A Great Opportunity for Obesity Researchers
I walked into a Starbucks in Manhattan the other day and noticed that the food in the glass display case now lists three key facts: the name of the item, the price, and the calories. This last fact is new. It is the result of a recent New York City regulation that requires chain restaurants — those with 15 or more outlets in the city — to list caloric information.
Starbucks had a nice-looking (and huge!) apple fritter in the glass case that went for 490 calories. A slice of pound cake was just a bit less; I think the bagel cost 220 calories. When I asked the clerk about the new calorie info, she told me the signs had just gone up a few days earlier. I asked if she’d seen any changes. She wasn’t sure, she said, but she thought there was a bit less demand on the high-calorie items. A few days later, the Times published an article on the subject.

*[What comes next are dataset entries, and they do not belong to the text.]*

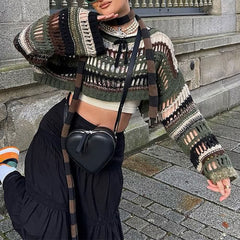 Suéter corto de punto de malla grunge gótica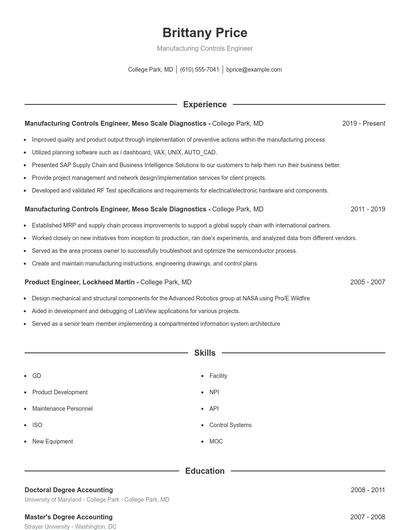 Manufacturing Controls Engineer Resume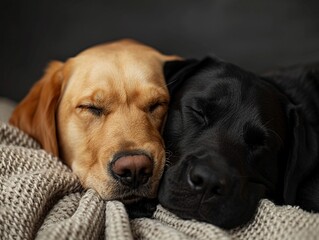 Lovely Labrador retrievers enjoying a gentle touch closeup peaceful domestic scene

It struck me that this new regulation presents a great opportunity for obesity researchers. If you could get good data, I’m guessing we could learn a lot about how a posted calorie count affects eating behavior, with all sorts of wrinkles:
+ How calorie-sensitive are people in general, and are they more so during different times of day, days of the week, or types of days (holiday vs. workday, bad weather vs. good, etc.)?
+ If a posted calorie count does shock people into buying/eating differently, how long does that shock last?

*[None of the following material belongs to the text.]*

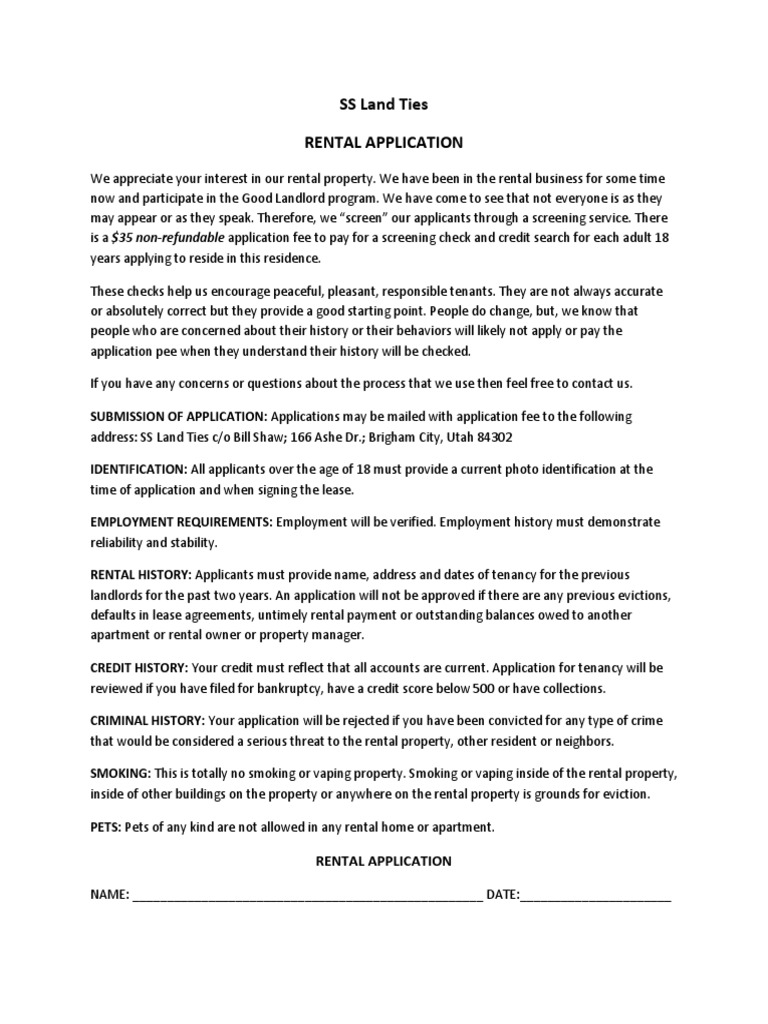 SS Land Ties Rental Application Guide | PDF | Leasehold Estate | Eviction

+ There’s also a lot of experimentation to be done, including: altering the size of the calorie count on the signs and/or perhaps using different icons (smiley faces?) to differentiate between high-, medium-, and low-calorie foods. You could, of course, also experiment with using images like an obese person vs. a skinny person, or perhaps just a blob of fake fat to represent high-cal., but since we are talking about companies that sell food, I doubt they’d be interested. Maybe Brian Wansink would be, however.

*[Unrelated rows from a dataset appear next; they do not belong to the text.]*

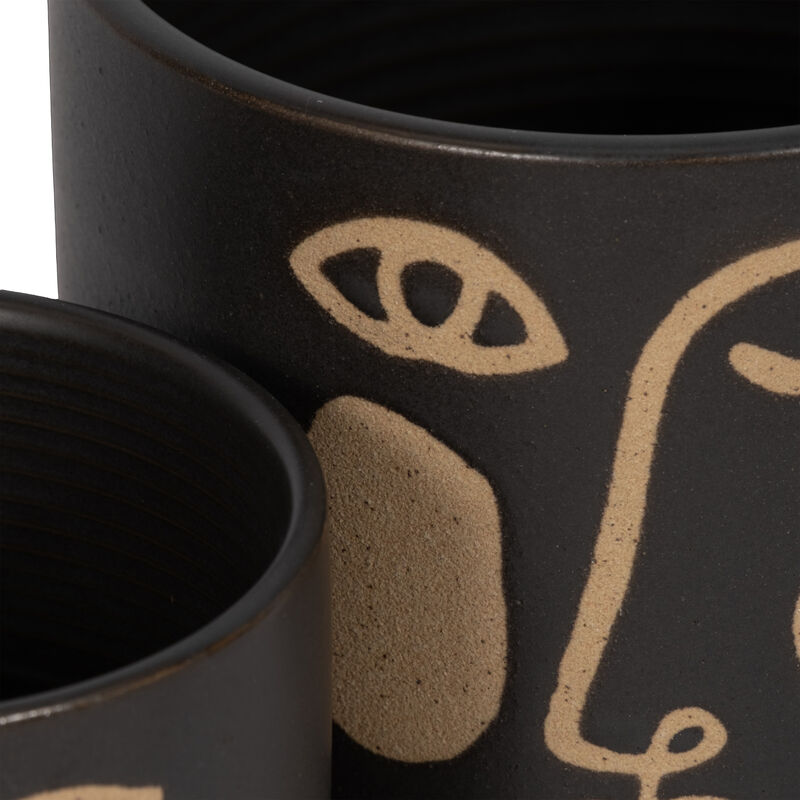 Funky Face Planter with Saucer, Black set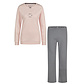 By Louise By Louise Dames Winter Pyjama Set Lang Interlock Roze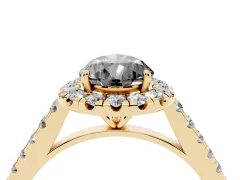 Fancy Black Pear Cut Diamond Halo Pavé Engagement Ring Set in Yellow gold with Prong Setting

It would also be interesting to see how calorie signs affect demand for lower-calorie foods. While on the surface, the New York City regulation might seem like bad news for restaurants, I could imagine it turning out to be good news if it stokes such demand.
Imagine that Starbucks figures out that most customers don’t want to buy any single piece of food that has more than 250 calories. No one is buying that delicious 490-calorie apple fritter any more (which, for the sake of argument, we’ll say costs $3). What if Starbucks cuts the portion size by 50 percent but sells the new fritter for 80 percent of the original price — i.e., a 245-cal. fritter for $2.40.
That means Starbucks is taking in $4.80 for every 500 calories of apple fritter it sells, versus just $3 in the old days. You might think that $2.40 is a lot for a half-size fritter — but if people turn out to be more calorie-sensitive than they are price-sensitive, Starbucks and a lot of other restaurants may be end up celebrating the day that New York City tried to rein them in.